La mort de Jean-Paul Bluker
Au printemps de 2004, l'héritage que m'avait laissé mon grand père, Henri Victor Dandrieux, s'était épuisé. Il en restait une petite Rétinette Kodak de 63 ou 64, sans télémètre et sans luxmètre. L'objectif entrait parfaitement dans la main, et j'avais pris l'habitude de le tenir quelques heures par jour, dans le métro et au Palais Royal, en espérant que sur ces premières photographies le monde apparaisse plus beau ou plus sensé.
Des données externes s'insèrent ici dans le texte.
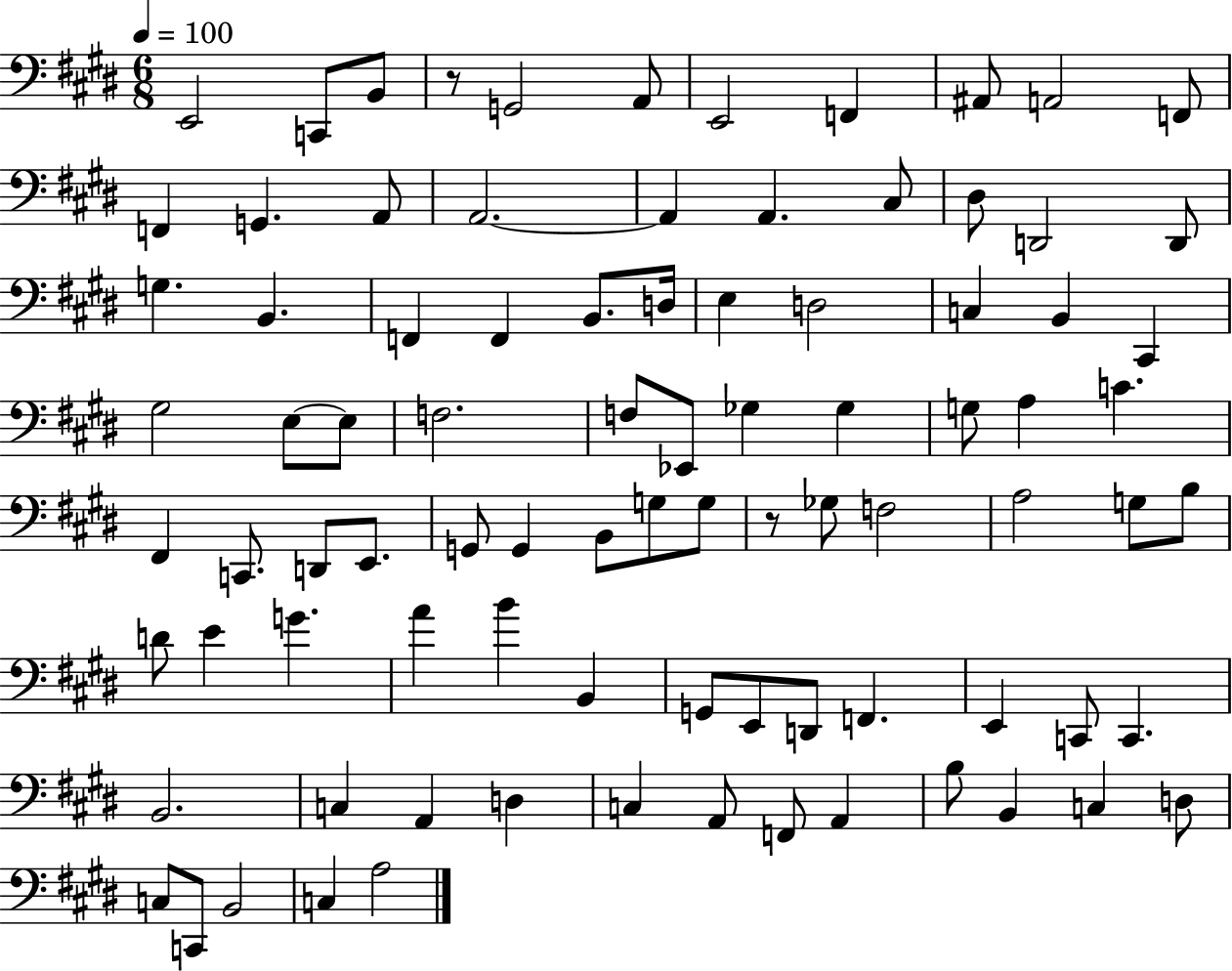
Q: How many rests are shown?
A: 2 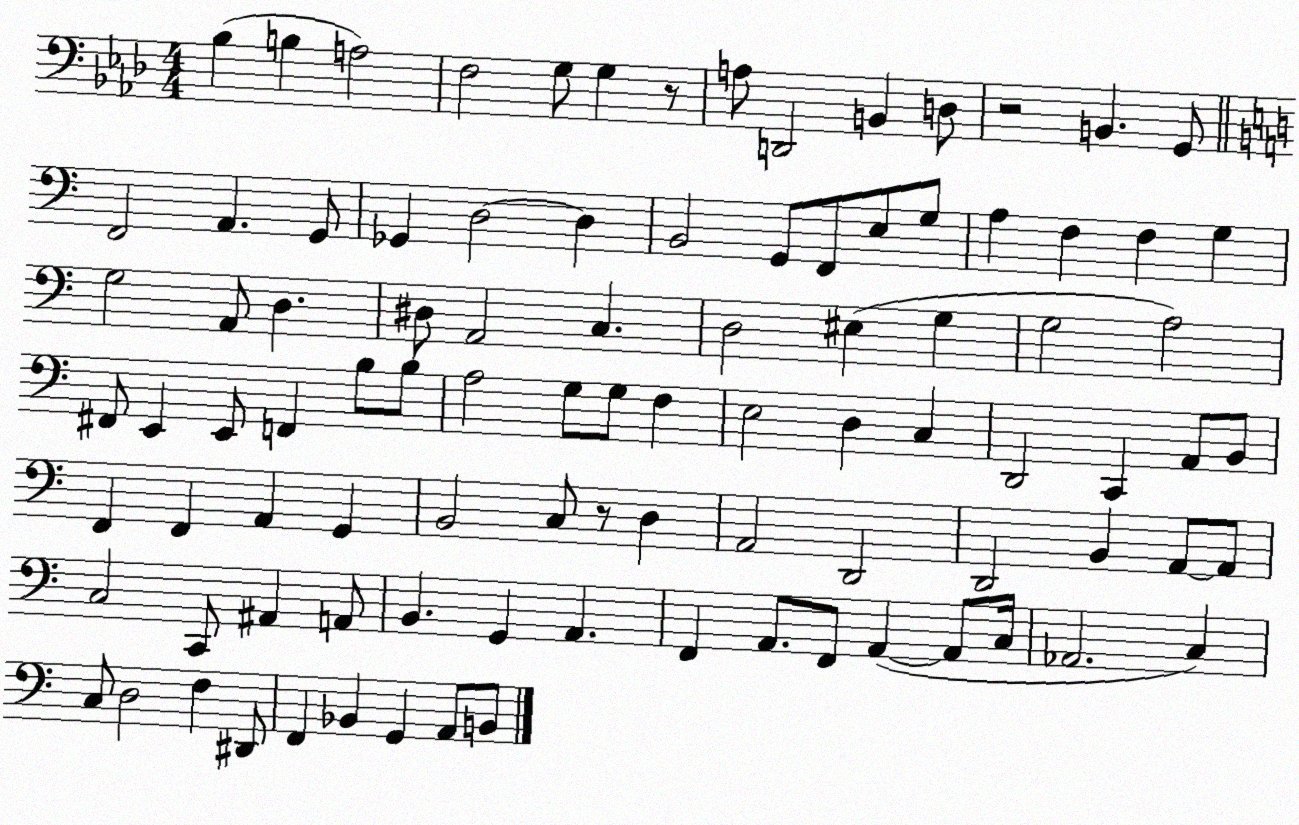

Au mois de juin, mon père, qui s'appelle Jean-Paul Bluker ou Olivier Bluker, reprit contact après peut-être quatre ans de voyage. Nous nous promîmes de nous revoir, comme nous nous l'étions jurés déjà, sans y être fidèle. Pour cette raison, j'apportai au point de rendez-vous le seul livre que je savais pouvoir lire et relire pendant l'éternité patiente, qui n'a pas de début et pas de fin, et dont les pages semblent sourdre du plat. Finalement, mon père vint. D'abord il ne me reconnut pas. Puis, en m'apperçevant, il remarqua "mais, t'es pas noir !", ce à quoi je répondis "non, je ne suis pas noir". Le rendez-vous avait été donné sur les marches le l'Opéra Garnier, à Paris.
Nous passâmes cet après-midi dans le petit square Louvois que veillent les fenêtres de ma chambre. Je souhaitais lui dire que j'habitais là haut désormais, que j'avais réussi, mais je ne l'ai pas fait. A aucun moment je n'ai regretté d'avoir oublié la Rétinette, mais, depuis le lendemain, elle ne me quitta plus, puis le Leica ne me quitta plus. Sur les photos qui existent de moi depuis ce jour, il y a toujours une bandoulière de vieux cuir qui marque mes manteaux, ou le Leica, sauf sur les deux autoportraits que j'ai un peu honteusement tenté de réaliser pendant ces cinq ans. Mes amis prirent des nouvelles de l'appareil photo, à la manière que quelque chose qui fait partie intégrante de votre vie tout en y étant véritablement étranger, comme un colocataire, le souvenir de qui nous étions en 1999 ou la maladie. Dans leur oeil comme sur les photographies qu'on me montrait, j'étais devenu un photographe. Mais, au fond, l'appareil songeait au jour où il rencontrerait mon père. Nous pourrions prendre à ce moment une photo de lui, qui parlerait à la fois de mon père et de moi, c'est à dire de ce que la photographie révèle d'une personne malgré ce qu'elle souhaite montrer, et de ce qu'elle révèle du photographe qui tire, édite et choisit de publier, même parfois si ce n'est pas facile, quelque chose qui, en 1/1000e de seconde, rassemble tout ce qu'il est.